* _Task data_
☆ ☆ ☆ ☆ ☆

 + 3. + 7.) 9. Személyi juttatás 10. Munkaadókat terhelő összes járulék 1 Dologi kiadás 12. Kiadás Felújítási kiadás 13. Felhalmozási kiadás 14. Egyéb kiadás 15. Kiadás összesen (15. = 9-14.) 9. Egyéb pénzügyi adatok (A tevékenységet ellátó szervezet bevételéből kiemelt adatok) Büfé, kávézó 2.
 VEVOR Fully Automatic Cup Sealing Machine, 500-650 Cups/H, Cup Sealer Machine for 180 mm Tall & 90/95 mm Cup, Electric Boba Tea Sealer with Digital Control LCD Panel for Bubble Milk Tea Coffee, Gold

☆ ☆ ☆ ☆ ☆

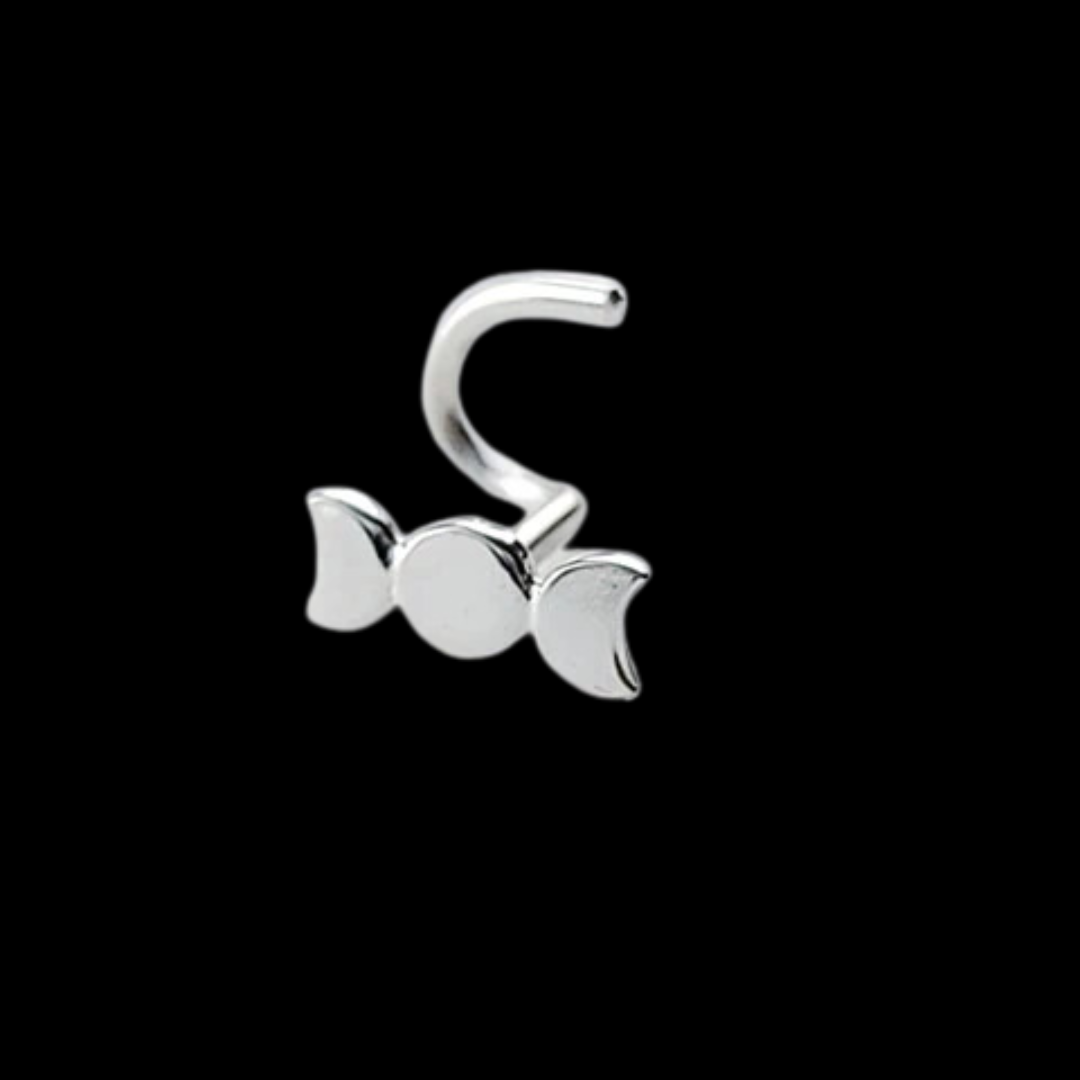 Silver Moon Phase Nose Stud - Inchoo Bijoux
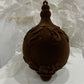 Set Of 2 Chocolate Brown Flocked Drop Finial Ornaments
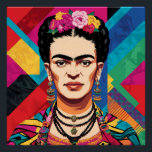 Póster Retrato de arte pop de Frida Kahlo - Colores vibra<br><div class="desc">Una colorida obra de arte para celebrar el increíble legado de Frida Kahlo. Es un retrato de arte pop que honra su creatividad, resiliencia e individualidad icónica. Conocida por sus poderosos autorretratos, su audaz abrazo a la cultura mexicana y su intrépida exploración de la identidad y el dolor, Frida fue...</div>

☆ ☆ ☆ ☆ ☆

* _Work order_
Among the entries above, find the line with "Set Of 2 Chocolate" and repeat exactly from there through the line with "Póster Retrato de", leaving out the pictures.

* _Your solution_
 Set Of 2 Chocolate Brown Flocked Drop Finial Ornaments
 Póster Retrato de arte pop de Frida Kahlo - Colores vibra<br><div class="desc">Una colorida obra de arte para celebrar el increíble legado de Frida Kahlo. Es un retrato de arte pop que honra su creatividad, resiliencia e individualidad icónica. Conocida por sus poderosos autorretratos, su audaz abrazo a la cultura mexicana y su intrépida exploración de la identidad y el dolor, Frida fue...</div>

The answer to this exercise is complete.